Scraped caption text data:
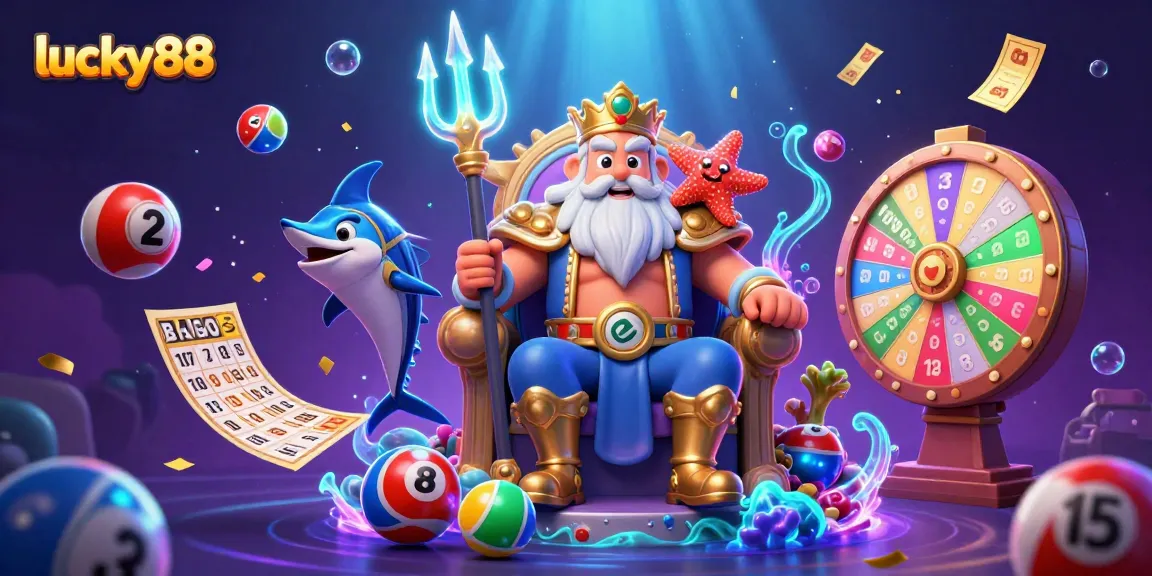 Engage with lucky88 in an underwater casino adventure, encountering vibrant lottery elements and exciting gameplay.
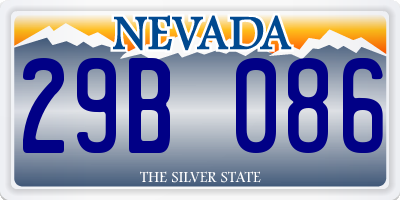 NV license plate 29B086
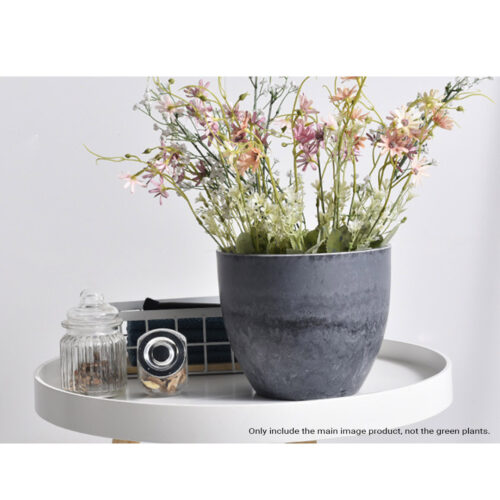2x 32cm Weathered Grey Round Resin Plant Flower Pot in Cement Pattern Planter Cachepot - Image 4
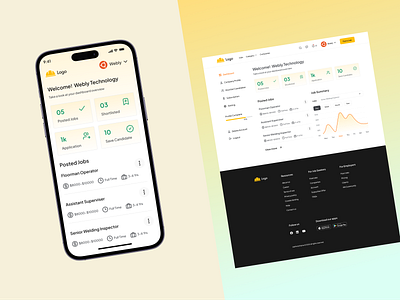 Industrial Job Portal - Employer Dashboard career dashboard employer employment hiring platform industrial job portal industry job finder dashboard job finder portal design job portal job seeker jobs product design recruitment saas product uiux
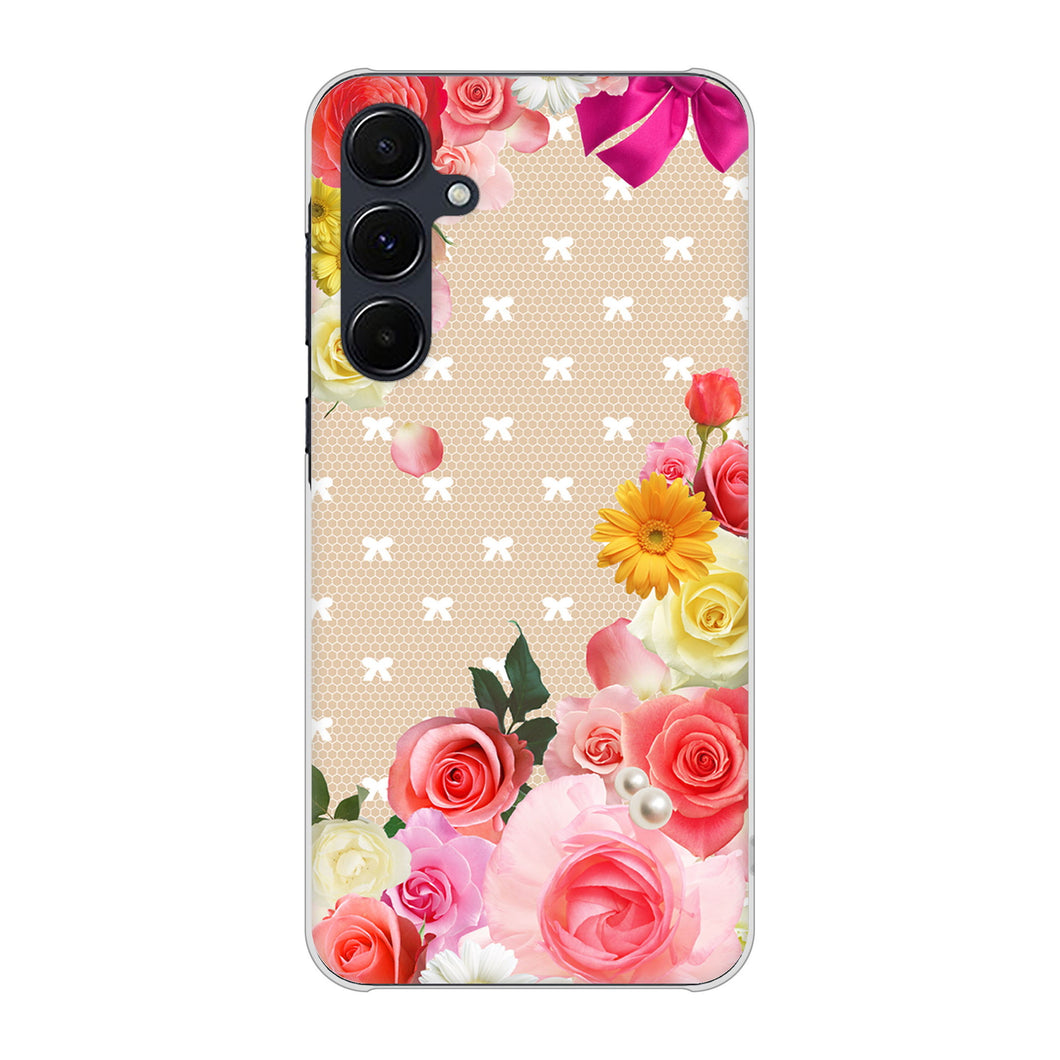 Galaxy A55 5G SCG27 au 高画質仕上げ 背面印刷 ハードケースロマンチックなバラ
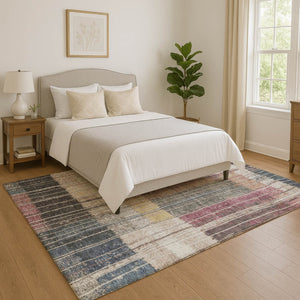 HomeRoots 9' X 12' Mauve Blue Beige Striped Washable Area Rug - Stain Resistant, UV Protected, Pet Friendly 709521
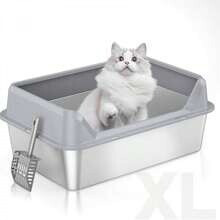 Stainless Steel Cat Litter Box – 19.6"x13.7"x9", Odor-Absorbing, Rust/Stain Proof, Non-Stick, for Cats & Rabbits
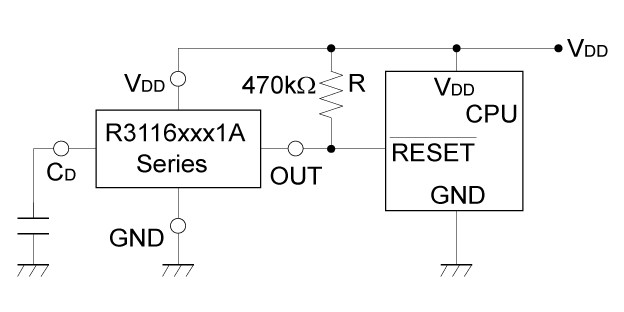 Typical Application: R3116xxx1A CPU Reset Circuit (Nch Open Drain Output)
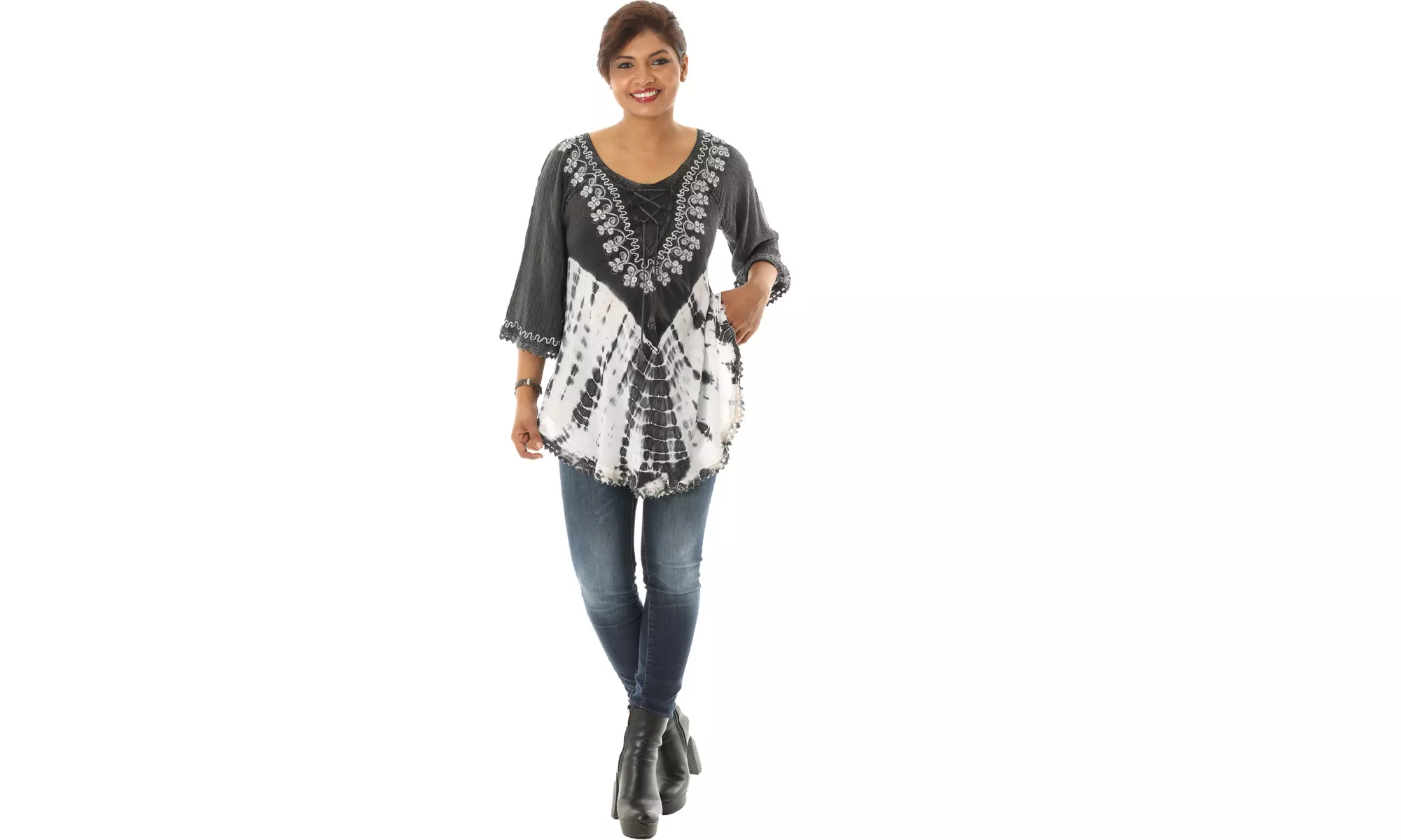 Women's Tie-Dye Embroidered Blouse Top (Also In Plus Size)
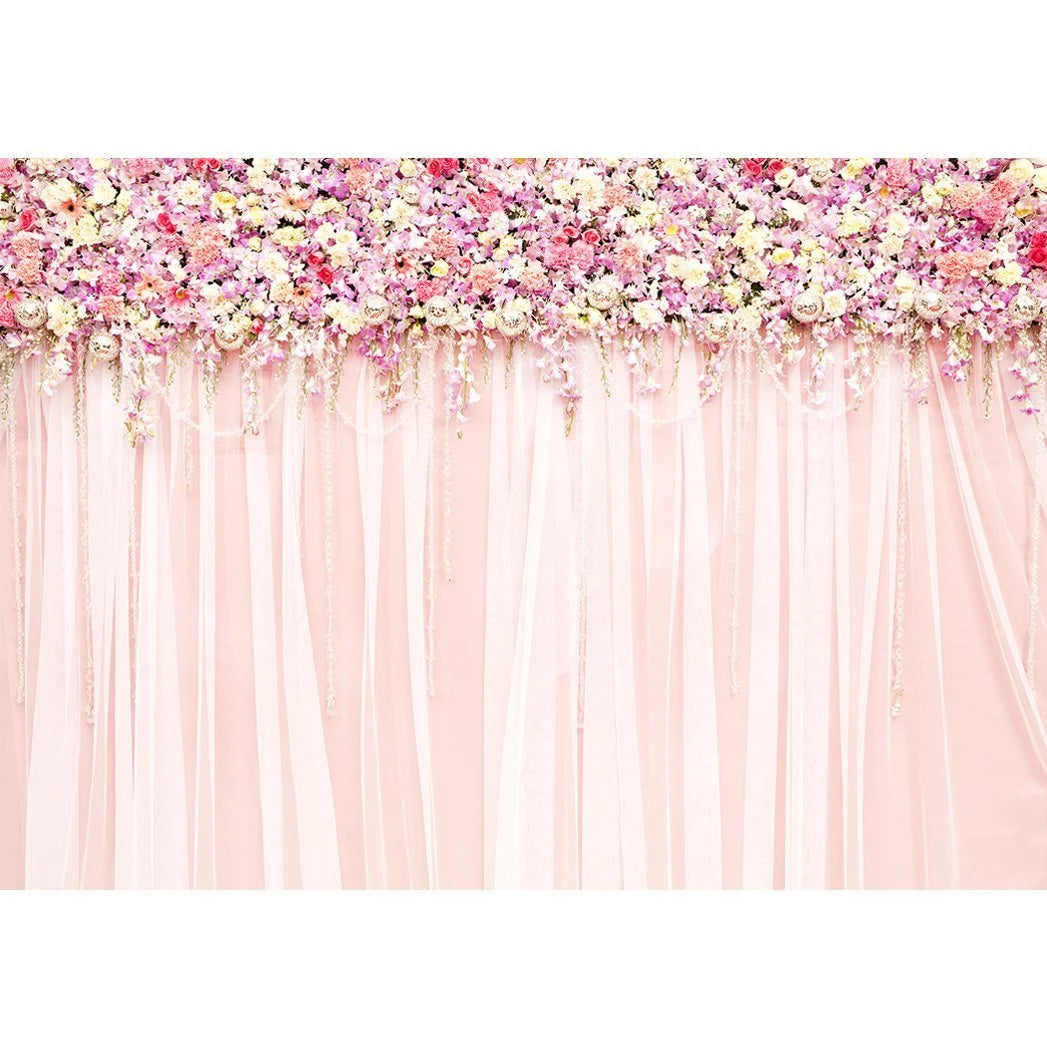 7X5Ft Photography Backdrops Wedding Decoration Party Pink Floral Flower Wall Curtains Birthday Bridal Shower Banner Photo Studio Booth Background Photocall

§ WHAT TO PRODUCE:
Every line from the top of the records above to the line with "Industrial Job Portal - Employer", inclusive, should be duplicated exactly, minus the pictures.

§ EXPECTED ANSWER:
 Engage with lucky88 in an underwater casino adventure, encountering vibrant lottery elements and exciting gameplay.
 NV license plate 29B086
2x 32cm Weathered Grey Round Resin Plant Flower Pot in Cement Pattern Planter Cachepot - Image 4
 Industrial Job Portal - Employer Dashboard career dashboard employer employment hiring platform industrial job portal industry job finder dashboard job finder portal design job portal job seeker jobs product design recruitment saas product uiux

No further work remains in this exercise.